> [RECORDS PROVIDED]:

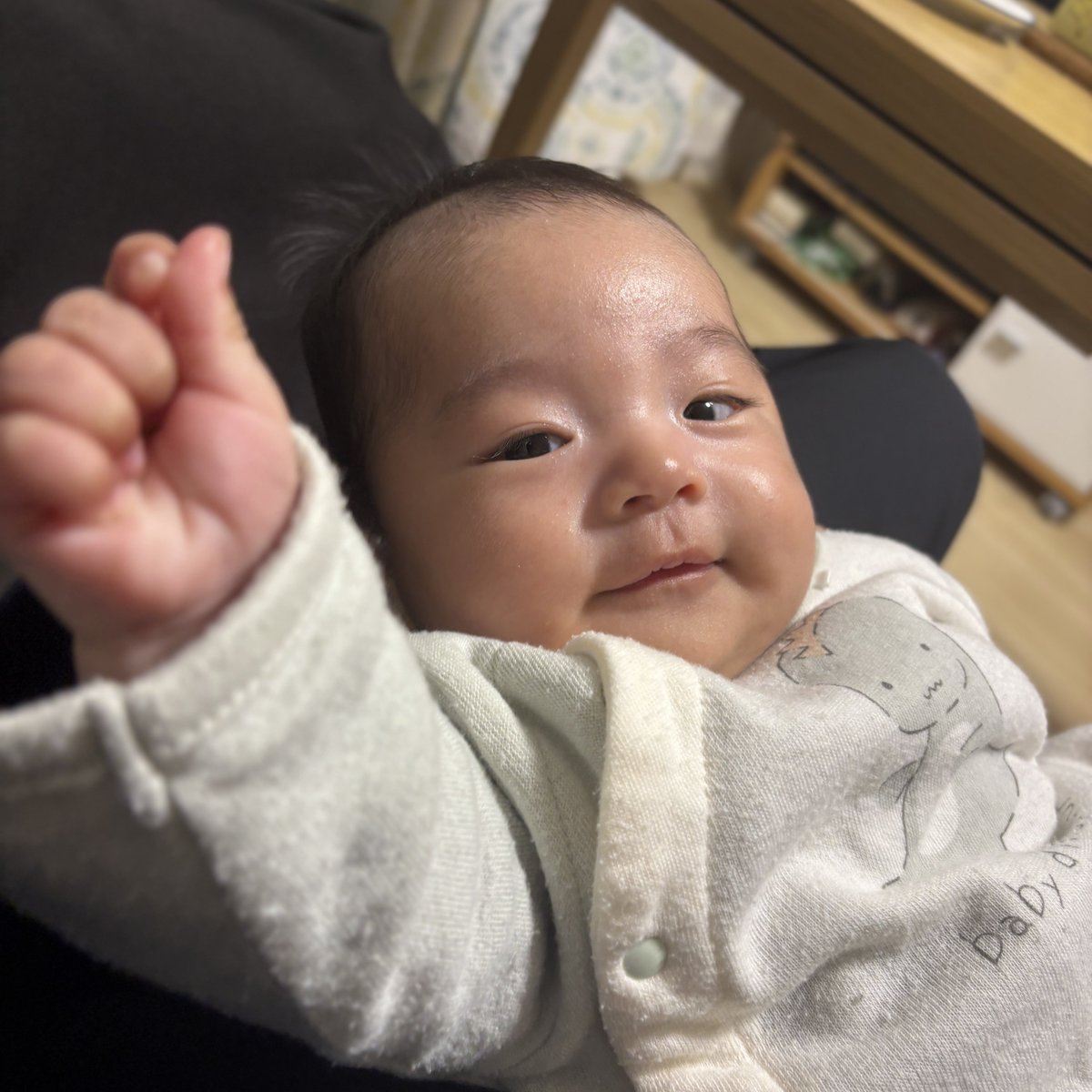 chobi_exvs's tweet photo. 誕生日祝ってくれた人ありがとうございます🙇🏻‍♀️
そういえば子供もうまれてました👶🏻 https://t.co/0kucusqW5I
--
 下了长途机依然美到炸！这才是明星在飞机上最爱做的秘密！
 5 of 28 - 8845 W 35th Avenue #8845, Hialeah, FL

> [TO DO]:
Print exactly the lines of the listing above starting at the line containing "下了长途机依然美到炸！这才是明星在飞机上最爱做的秘密！" and ending at the line containing "5 of 28 - 8845", both included.

> [ANSWER TO THIS EXERCISE]:
 下了长途机依然美到炸！这才是明星在飞机上最爱做的秘密！
 5 of 28 - 8845 W 35th Avenue #8845, Hialeah, FL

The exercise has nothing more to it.